▶ **Exercise objective**: Two lines mark the range in the entries below: the one holding "Hoodie Oversized Κουβέρτα" and the one holding "Modern Luxury Rectangular". Set down those two and all lines between them, exactly.

▶ **Materials provided**:

══════

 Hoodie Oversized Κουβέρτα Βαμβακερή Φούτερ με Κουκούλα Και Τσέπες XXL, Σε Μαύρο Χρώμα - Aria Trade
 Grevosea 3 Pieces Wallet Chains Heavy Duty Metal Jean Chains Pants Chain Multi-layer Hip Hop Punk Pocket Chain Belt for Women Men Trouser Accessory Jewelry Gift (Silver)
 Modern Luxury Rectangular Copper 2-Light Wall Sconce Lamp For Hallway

══════

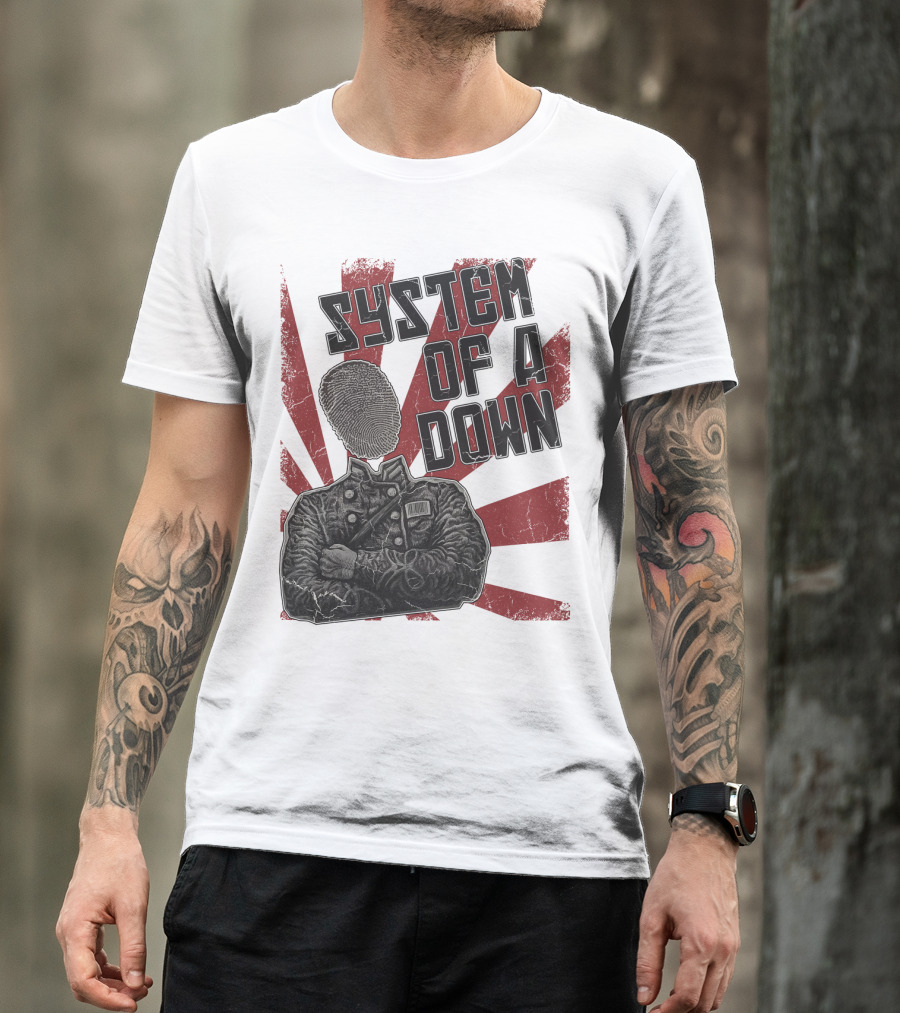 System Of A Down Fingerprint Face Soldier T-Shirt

══════

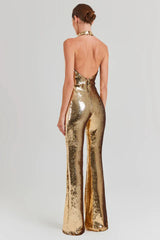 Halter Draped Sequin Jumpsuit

══════

▶ **Response to the task**:
 Hoodie Oversized Κουβέρτα Βαμβακερή Φούτερ με Κουκούλα Και Τσέπες XXL, Σε Μαύρο Χρώμα - Aria Trade
 Grevosea 3 Pieces Wallet Chains Heavy Duty Metal Jean Chains Pants Chain Multi-layer Hip Hop Punk Pocket Chain Belt for Women Men Trouser Accessory Jewelry Gift (Silver)
 Modern Luxury Rectangular Copper 2-Light Wall Sconce Lamp For Hallway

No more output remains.